Matilda the Musical
Director: Matthew Warchus
Writer: Dennis Kelly (book), Tim Minchin (music and lyrics)
Based on: Roald Dahl‘s novel
Cast: Craige Els, Haley Flaherty, James Clyde, Kay Murphy, Lisa Davina Phillip, Jason Winter, Joshua Wyatt, Lottie Sicilia, Violet Tucker, Matilda Shapland, Tasha Chapple
Matilda (Lottie Sicilia, Violet Tucker, Matilda Shapland, Tasha Chapple – unfortunately I don’t know which version I saw) is extremely smart. Which makes her more than stand out in her family – neither her parents (James Clyde, Kay Murphy) nor her brother (Joshua Wyatt) are very intelligent. Or even interested in intellectual pursuits. So Matilda is looking forward to school where she hopes everything will be better. And her teacher Ms Honey (Haley Flaherty) is everything Matilda could have hoped for. But there is also the children-hating, sadistic headmistress Trunchbull (Craige Els) whose mission it is to make everybody miserable.

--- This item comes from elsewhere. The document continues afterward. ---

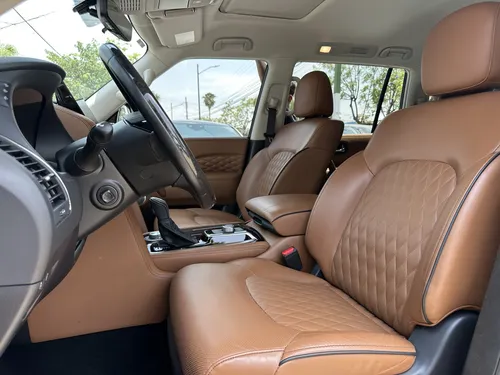 Infiniti QX80 5.6l Perfection 7 Pasajeros At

I really love the novel this is based on. And when I read that Tim Minchin had written the music, I knew that I had to see the show (how lucky that we happened to go to London). And my expectations were high. Fortunately, they were fulfilled.

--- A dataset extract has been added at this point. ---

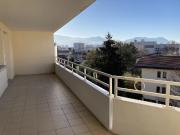 T3 lumineux + belle terrasse 3éme étage + cave + garage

Tim Minchin really does Roald Dahl justice with his music – the lyrics perfectly encapsulate Dahl’s dark and a little bitter sense of humor, with the added bonus of a bit of a Minchian twist. And the songs are very memorably and full of energy. It’s fun to listen to both the music and the lyrics.
And the stage design was wonderful. They worked with a clever system of cubes that could be lifted from the floor and bookshelves that could be pushed onstage from the sides, transforming from a classroom to a library to a bedroom in no time and very effectively. Plus, they incorporated books and alphabet cubes everywhere in their design which was really nice.
The cast was very good, too. I don’t know which Matilda I saw, but whoever it was of the girls, she did a great job. It’s Mrs Trunchbull though who has the scene stealing role – and Craige Els really makes the most of it. I laughed a lot, mostly thanks to him (and Tim Minchin’s lyrics).
The only weak spot was the choreography that was sometimes just a little too wooden, a little too obvious. Even with the kids I think that more could have been done. It just feels like they took the easy way out sometimes.
But that took nothing away from the general charm of the night even outside of the show itself, that started when we entered the theater – which was decorated with blackboards you could draw on – continued with the colorful slushies they sold and ended with me leaving with a huge grin on my face.